* Task to carry out *
Please give back every entry in full, word for word, but none of the pictures.

Data shown Start Marker

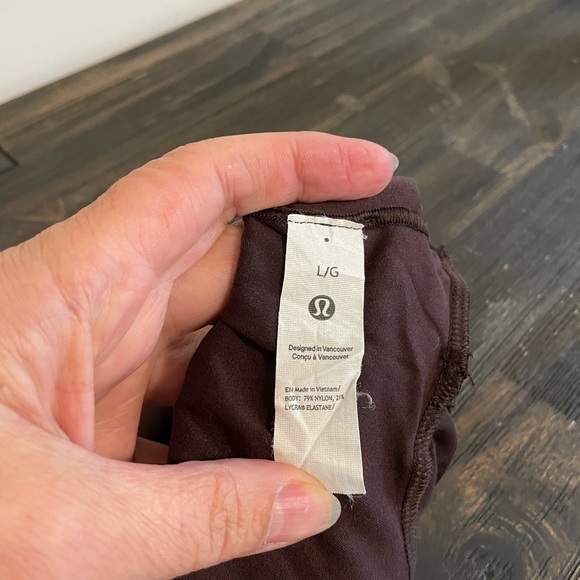 LULULEMON-Wundermost Ultra-Soft Nulu Square-Neck Long-Sleeve Bodysuit - Picture 5 of 5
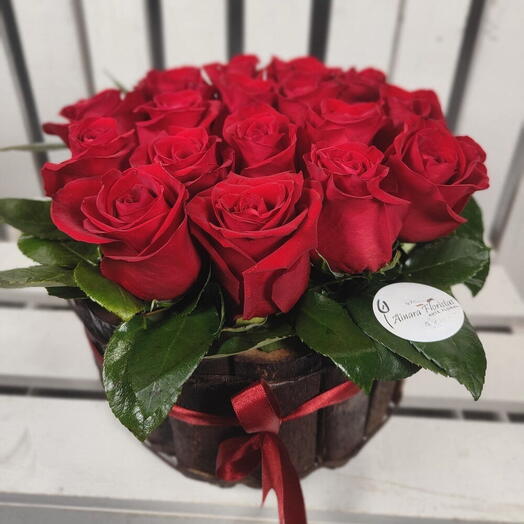 Box rosas rojas Ainara | Centro con 19 rosas rojas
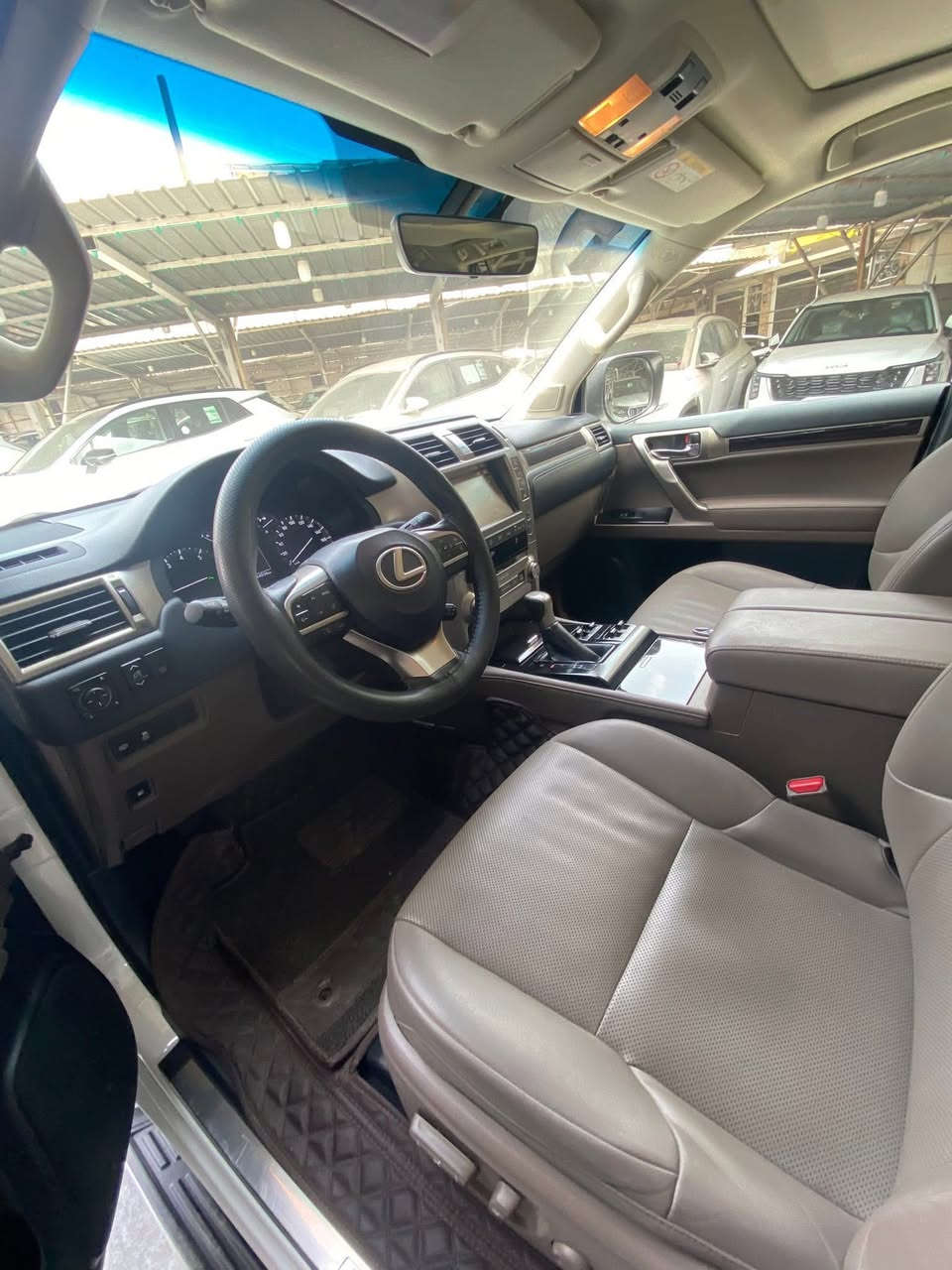 سلام عليكم
يتوفر لكزس برادو خليجي 
موديل 2020
فول مواصفات 
معرض خيرات بغداد المركزي بغداد الوزيرية مقابل المجمع العلمي 
الأستفسار 
ابوتماره***********
حسن ***********
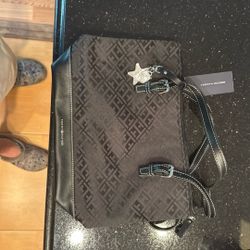 TOMMY HILFIGER PURSE $60 OBO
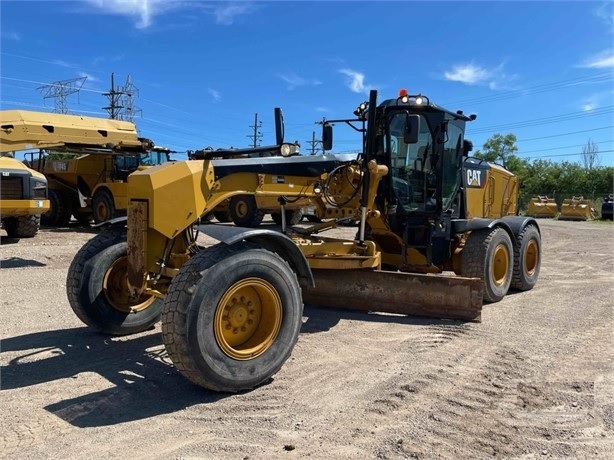 Motoconformadoras Caterpillar 12M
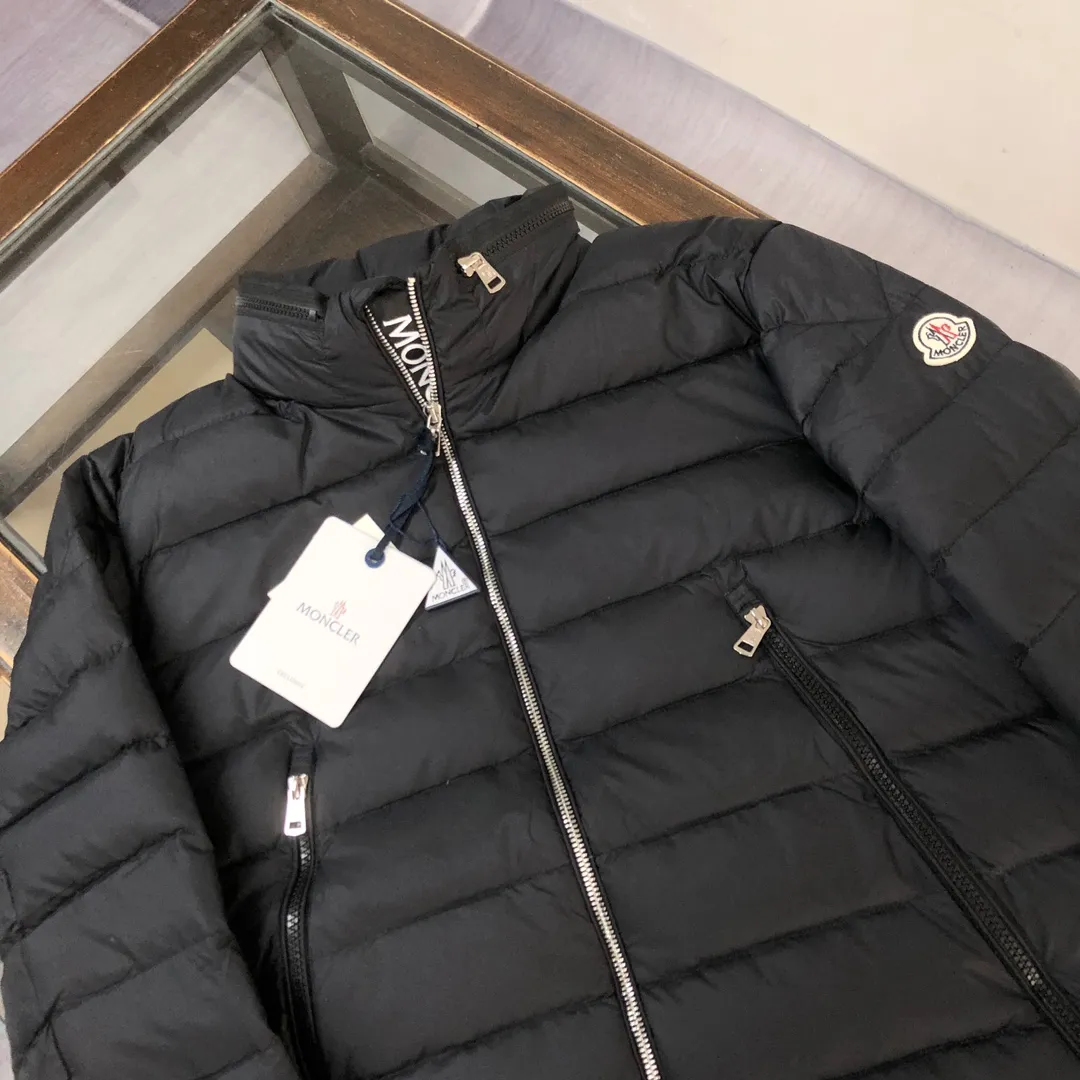 P800 Moncler 2025 latest men's lightweight motorcycle style stand-collar hidden hooded down jacket ⭐️ Same style as the official website, on sale at counters!  ✨Imported fabrics supplied by customers, windproof and snowproof, with first-class feel, full texture and no velvet! The inside is full of down, international standard 90 duck down, with high fluffiness and excellent warmth retention performance! The hardware has the iconic logo! ✨Simple silhouette tailoring, 3D three-dimensional tailoring, chic and casual, loose and short version, suitable for all heights! ✨Versatile and age-reducing, both in terms of fabric material and overall silhouette, it has both fashionable styling and good cold protection effect, and brings a comfortable wearing experience and feeling! The upper body effect is great! A versatile hot item for winter, a must-have for stylish men! Produced by a large factory, with original hardware and accessories, and fine workmanship! Three standards are complete, shop around at the counters! Color: Black Size: 1-2-3-4-5-6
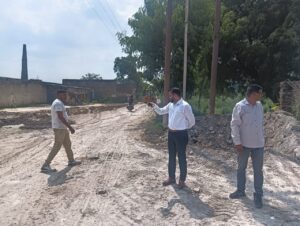 GDA started filling potholes on roads जीडीए ने शुरू की सड़कों की गड्ढा भराई, यातायात होगा सुगम!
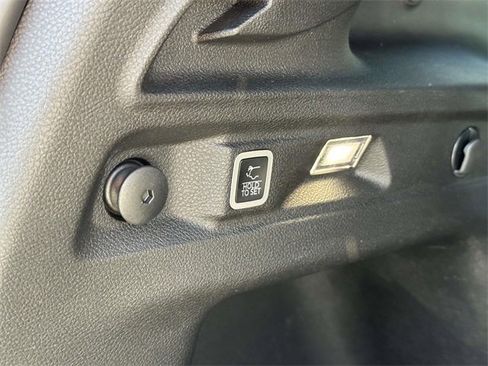 Certified 2024 Jeep Grand Cherokee L Altitude image 22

Data shown End Marker

* Exercise result *
 LULULEMON-Wundermost Ultra-Soft Nulu Square-Neck Long-Sleeve Bodysuit - Picture 5 of 5
 Box rosas rojas Ainara | Centro con 19 rosas rojas
 سلام عليكم
يتوفر لكزس برادو خليجي 
موديل 2020
فول مواصفات 
معرض خيرات بغداد المركزي بغداد الوزيرية مقابل المجمع العلمي 
الأستفسار 
ابوتماره***********
حسن ***********
 TOMMY HILFIGER PURSE $60 OBO
 Motoconformadoras Caterpillar 12M
 P800 Moncler 2025 latest men's lightweight motorcycle style stand-collar hidden hooded down jacket ⭐️ Same style as the official website, on sale at counters!  ✨Imported fabrics supplied by customers, windproof and snowproof, with first-class feel, full texture and no velvet! The inside is full of down, international standard 90 duck down, with high fluffiness and excellent warmth retention performance! The hardware has the iconic logo! ✨Simple silhouette tailoring, 3D three-dimensional tailoring, chic and casual, loose and short version, suitable for all heights! ✨Versatile and age-reducing, both in terms of fabric material and overall silhouette, it has both fashionable styling and good cold protection effect, and brings a comfortable wearing experience and feeling! The upper body effect is great! A versatile hot item for winter, a must-have for stylish men! Produced by a large factory, with original hardware and accessories, and fine workmanship! Three standards are complete, shop around at the counters! Color: Black Size: 1-2-3-4-5-6
 GDA started filling potholes on roads जीडीए ने शुरू की सड़कों की गड्ढा भराई, यातायात होगा सुगम!
 Certified 2024 Jeep Grand Cherokee L Altitude image 22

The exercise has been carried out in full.